What is being asked:
Your output should be everything below from the line containing "Hey everybody, what" down to the line containing "Hello Constant Contact", both ends included, copied exactly, with pictures left out.

Source data section start

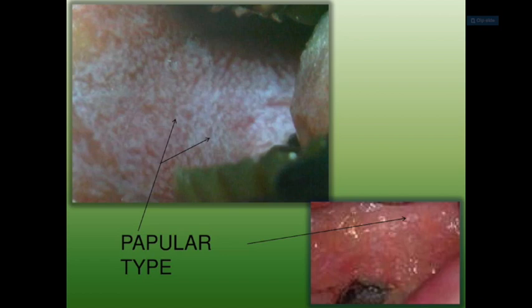In the erosive form, the erosive lesions are rather painful. These vesicles, when they erode, become ulcerated and have irregular shapes and sizes. They stay as raw and painful areas which don't heal very quickly. The next form is the reticular form, which characteristically shows Wickham's striae.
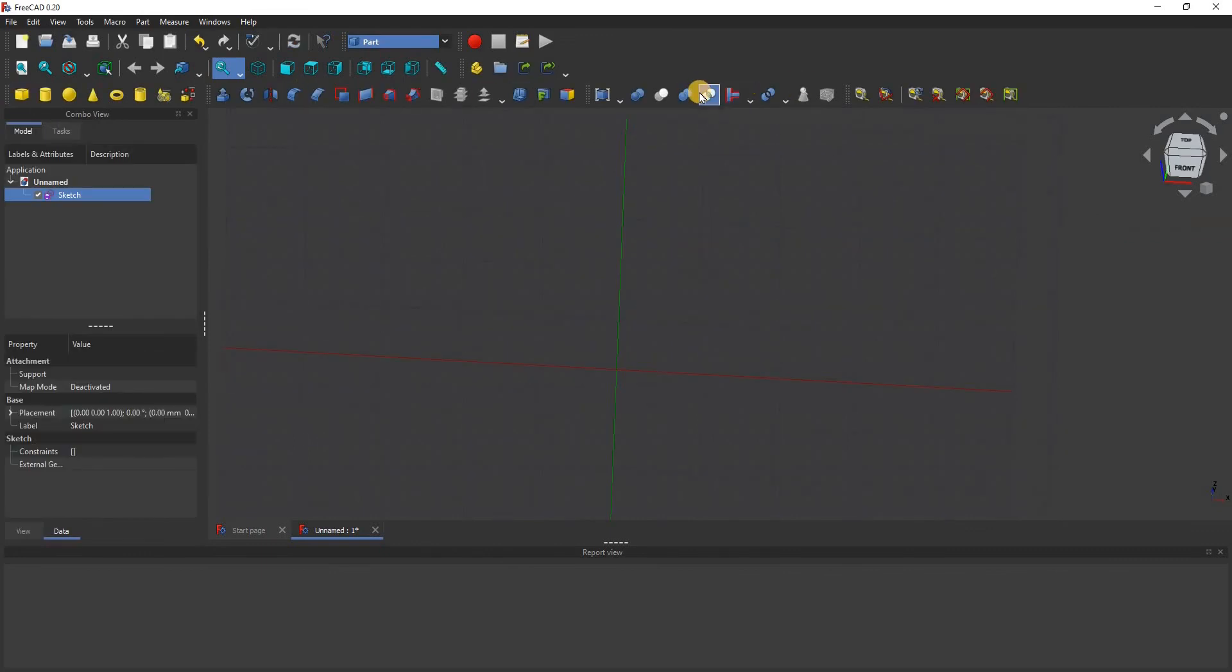So guys, I hope this video helps you get dark mode on your FreeCAD. If you like this video, give it a thumbs up, I really do appreciate it. Consider subscribing, I'll see you next time, bye.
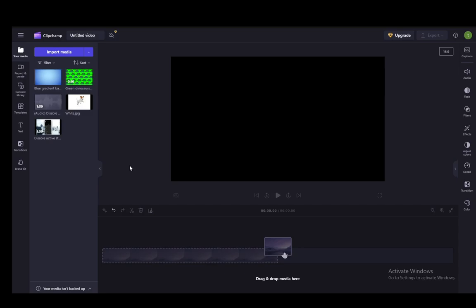Hey everybody, what is going on? I hope you guys are all doing well and welcome to another tutorial video. In this video, I'll be explaining to you guys how you can change the color of your background in ClipChamp, so let's get right into it.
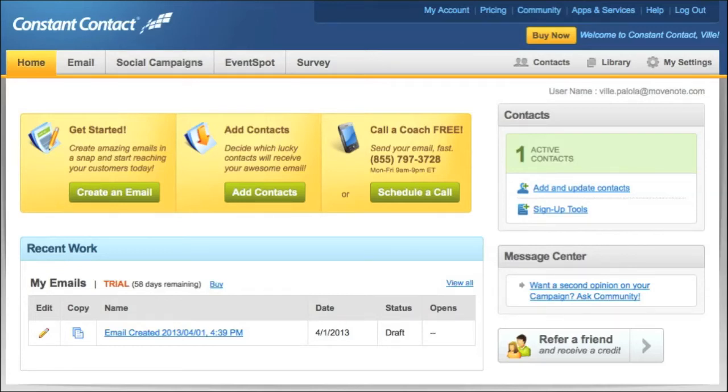Hello Constant Contact user. In this short video I'm going to show you how to enrich your newsletters with MoveNode presentations.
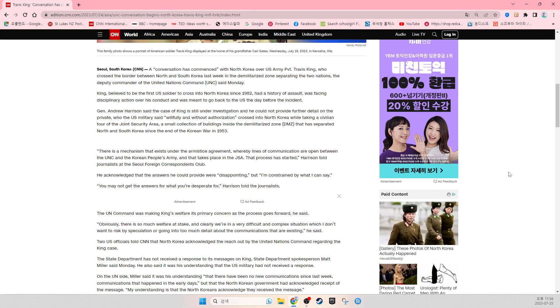soldier to cross into North Korea since 1982, had a history with authorities, was facing disciplinary action over his conduct, and was meant to go back to the U.S. the day before the incident.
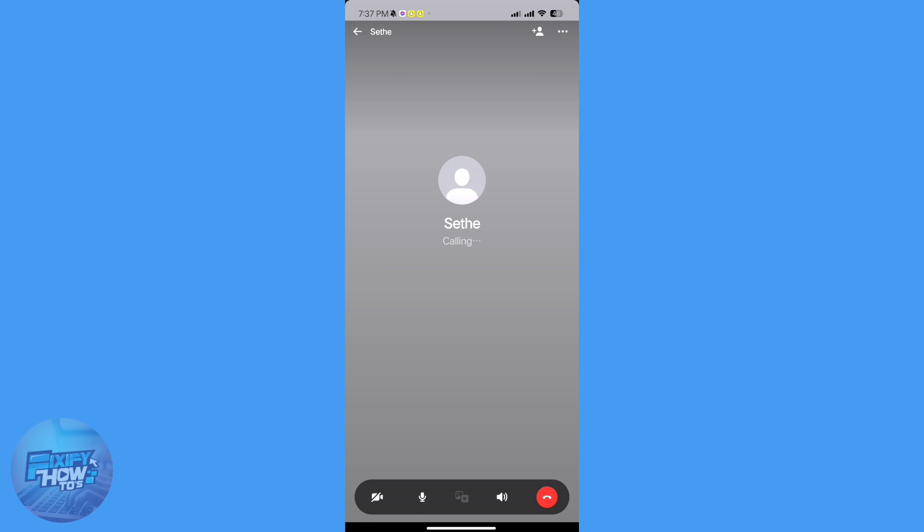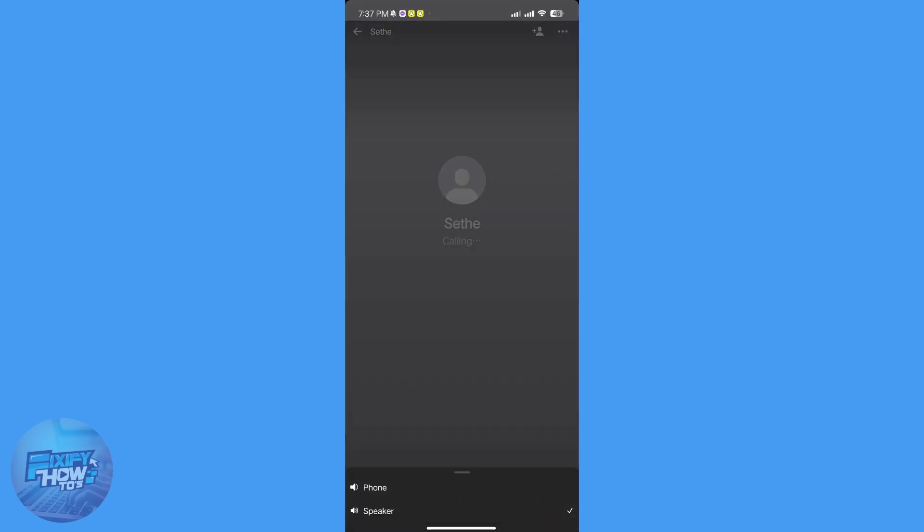So that's how you use video chat on Messenger. Thanks for watching. Don't forget to leave a like and subscribe. Thank you.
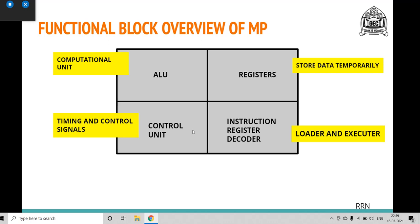Whenever an instruction is fetched from memory, it is first loaded into the instruction register. The instruction register stores the loaded instruction from memory. The instruction decoder is the execution unit that executes the fetched instruction — it compiles and interprets the instruction. So instruction register and decoder form the fourth functional unit: the loader and executor. These are the four basic blocks of the microprocessor and their functionality.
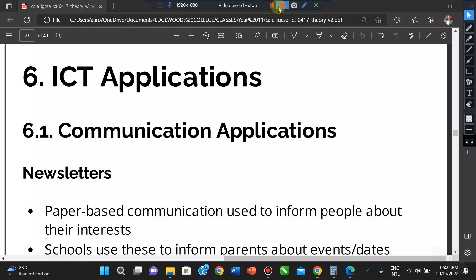Good evening, wonderful students. This is Mr. Jairo and today we'll be looking at ICT applications on one of the topics from the IGCSE course. It's a very important topic because we're looking at real-life applications in various subtopics. The first one we'll be looking at in this video is ICT in communication. There are several communication systems that make use of ICT technology: newsletters, flyers and posters, websites, multimedia presentations, media streaming, and e-publications.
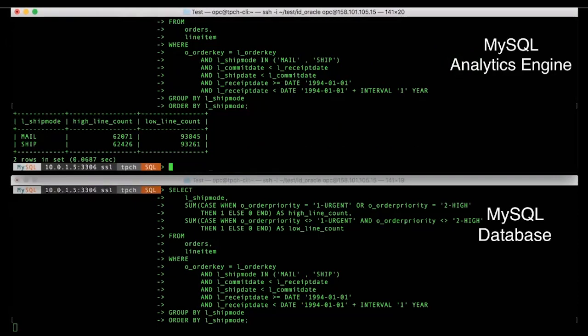So when we execute this query, we see it took about 0.068 seconds with the analytics engine enabled. And we have fired up the query with the MySQL database as well.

Source data section end

Written response:
Hey everybody, what is going on? I hope you guys are all doing well and welcome to another tutorial video. In this video, I'll be explaining to you guys how you can change the color of your background in ClipChamp, so let's get right into it.
Hello Constant Contact user. In this short video I'm going to show you how to enrich your newsletters with MoveNode presentations.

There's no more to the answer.